17 (ever so slightly) weird facts about the most popular dictionary format
Hunspell is the most used spellchecker in the world. It is built-in Mozilla Firefox, Google Chrome, Libre/OpenOffice, MacOS, Adobe products, and whatnot.
Thus, Hunspell dictionaries are the most common open dictionaries format; they are available for almost a hundred of world languages. The temptation to reuse those dictionaries for text processing is high: they are somewhat suitable not only for spellchecking but also for determining the canonical (base) form of words, canonical capitalization, stemming, etc.
But the dictionary format of Hunspell has a lot of peculiarities. Depending on your mindset, you might find the facts below curious, fascinating, ridiculous, or just plain boring. From my perspective, they are, first of all, didactic: they demonstrate the blossoming complexity of organically evolved software that solves the complicated task.

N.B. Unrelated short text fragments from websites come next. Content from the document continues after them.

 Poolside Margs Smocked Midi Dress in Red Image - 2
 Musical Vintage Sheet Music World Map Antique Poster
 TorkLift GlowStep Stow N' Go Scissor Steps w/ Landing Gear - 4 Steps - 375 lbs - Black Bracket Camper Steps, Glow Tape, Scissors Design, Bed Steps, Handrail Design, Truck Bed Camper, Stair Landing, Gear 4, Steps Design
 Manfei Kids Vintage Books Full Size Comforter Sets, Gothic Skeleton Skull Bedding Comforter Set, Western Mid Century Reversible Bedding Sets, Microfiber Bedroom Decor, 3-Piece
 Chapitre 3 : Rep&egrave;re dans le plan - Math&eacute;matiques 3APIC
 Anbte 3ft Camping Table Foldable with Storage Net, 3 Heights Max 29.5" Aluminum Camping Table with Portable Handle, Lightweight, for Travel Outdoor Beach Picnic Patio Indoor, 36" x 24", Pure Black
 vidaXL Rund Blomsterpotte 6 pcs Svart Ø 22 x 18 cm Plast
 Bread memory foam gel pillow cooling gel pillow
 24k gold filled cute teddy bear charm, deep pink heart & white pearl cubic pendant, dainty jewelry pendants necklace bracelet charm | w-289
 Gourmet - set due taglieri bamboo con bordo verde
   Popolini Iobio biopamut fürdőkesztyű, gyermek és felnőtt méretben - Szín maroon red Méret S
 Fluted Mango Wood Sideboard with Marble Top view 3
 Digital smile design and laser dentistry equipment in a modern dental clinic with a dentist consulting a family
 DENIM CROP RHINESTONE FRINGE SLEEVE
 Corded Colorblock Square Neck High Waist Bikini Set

This text is one of the results of “Rebuilding the spellchecker” effort, striving to explain how the world’s most popular spellchecker Hunspell works via its Python port called Spylls. Six-part series already covered all the algorithms in Hunspell, and now we switch to broader topics.
1. The dictionary is stored in two text files
A dictionary for each language consists of two human-readable text files (more on that below). Some dictionaries are developed in the open, and you could find those files in Github or some other source repository. It’s relatively easy to find and fix the issues in such dictionaries.
However, dictionaries are usually packaged for distribution as software-specific packages: .xpi for Mozilla, .oxt of LibreOffice, .deb for Debian/Ubuntu. Those are ZIP files with a different file extension and some additional meta-information inside.
If your dictionary is only available as a package and you want to make some changes, you would have to unpack them or find the original source.
2. The first file contains the list of words, but it can’t be interpreted without the other
The <languagename>.dic
file, or dictionary file, has a simple format: one word per line. The line might contain just a word or, more commonly, a word with flags (separated by /
).
speleological
speleologist/MS
speleology/M
spell/JSMDRZG
spellbind/ZGRS
spellbinder/M
spellbound
Here, for example, “speleological” has no flags; “spell” has flags J, S, M, D, … Only the second file (<languagename>.aff
) can tell the meaning of those flags. (In this particular case, it tells that for the base form “spell”, several suffixes can be used, effectively declaring that words “spelled”, “spells”, “spelling”, … are correct).
Some dictionaries attach even more information to the word (see 16).
3. The other file is called the “affix file”, but it contains much more than just affixes
The second file of the dictionary has the .aff
extension and is usually called “affix file”. But in modern Hunspell, it not only stores affixes (suffixes and prefixes) for base forms declared in dictionary files, but a whole lot of directives. Here is the beginning of en_US.aff
:
SET UTF-8
TRY esianrtolcdugmphbyfvkwzESIANRTOLCDUGMPHBYFVKWZ'
ICONV 1
ICONV ’ '
NOSUGGEST !
COMPOUNDMIN 1
ONLYINCOMPOUND c
It sets encoding (for both .aff
and .dic
files); describes language’s alphabet (sorted by letter frequency); instructs to convert ’
(typographic apostrophe) to '
before checking; sets flags to mark some words as not-to-be-suggested (!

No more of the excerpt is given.